Assignment:
Your output should be the lines from the one with "Prévisualisation de Brochure" through the end of the entries below, set down word for word and nothing else.

(Data excerpts)
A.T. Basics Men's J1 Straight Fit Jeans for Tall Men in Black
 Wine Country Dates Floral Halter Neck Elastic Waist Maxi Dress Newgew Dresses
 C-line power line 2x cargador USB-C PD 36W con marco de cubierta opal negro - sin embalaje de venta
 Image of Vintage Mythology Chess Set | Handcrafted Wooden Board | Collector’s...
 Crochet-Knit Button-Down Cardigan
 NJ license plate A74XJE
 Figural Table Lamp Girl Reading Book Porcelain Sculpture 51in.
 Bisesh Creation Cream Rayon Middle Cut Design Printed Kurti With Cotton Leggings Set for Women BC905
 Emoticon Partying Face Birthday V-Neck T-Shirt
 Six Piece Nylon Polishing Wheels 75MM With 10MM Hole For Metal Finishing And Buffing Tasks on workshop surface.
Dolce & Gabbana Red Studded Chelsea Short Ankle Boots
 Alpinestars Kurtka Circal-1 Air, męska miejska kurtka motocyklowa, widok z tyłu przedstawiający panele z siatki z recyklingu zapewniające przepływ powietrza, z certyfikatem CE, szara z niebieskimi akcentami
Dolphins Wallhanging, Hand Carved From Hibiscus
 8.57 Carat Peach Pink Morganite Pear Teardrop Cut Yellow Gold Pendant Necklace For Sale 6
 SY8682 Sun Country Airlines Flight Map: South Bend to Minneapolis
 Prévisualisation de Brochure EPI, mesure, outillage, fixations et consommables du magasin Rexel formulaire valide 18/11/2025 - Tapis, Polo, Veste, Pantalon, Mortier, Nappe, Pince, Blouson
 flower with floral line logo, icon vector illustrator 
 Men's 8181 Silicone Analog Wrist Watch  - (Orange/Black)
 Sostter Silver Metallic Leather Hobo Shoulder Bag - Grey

Exercise response:
 Prévisualisation de Brochure EPI, mesure, outillage, fixations et consommables du magasin Rexel formulaire valide 18/11/2025 - Tapis, Polo, Veste, Pantalon, Mortier, Nappe, Pince, Blouson
 flower with floral line logo, icon vector illustrator 
 Men's 8181 Silicone Analog Wrist Watch  - (Orange/Black)
 Sostter Silver Metallic Leather Hobo Shoulder Bag - Grey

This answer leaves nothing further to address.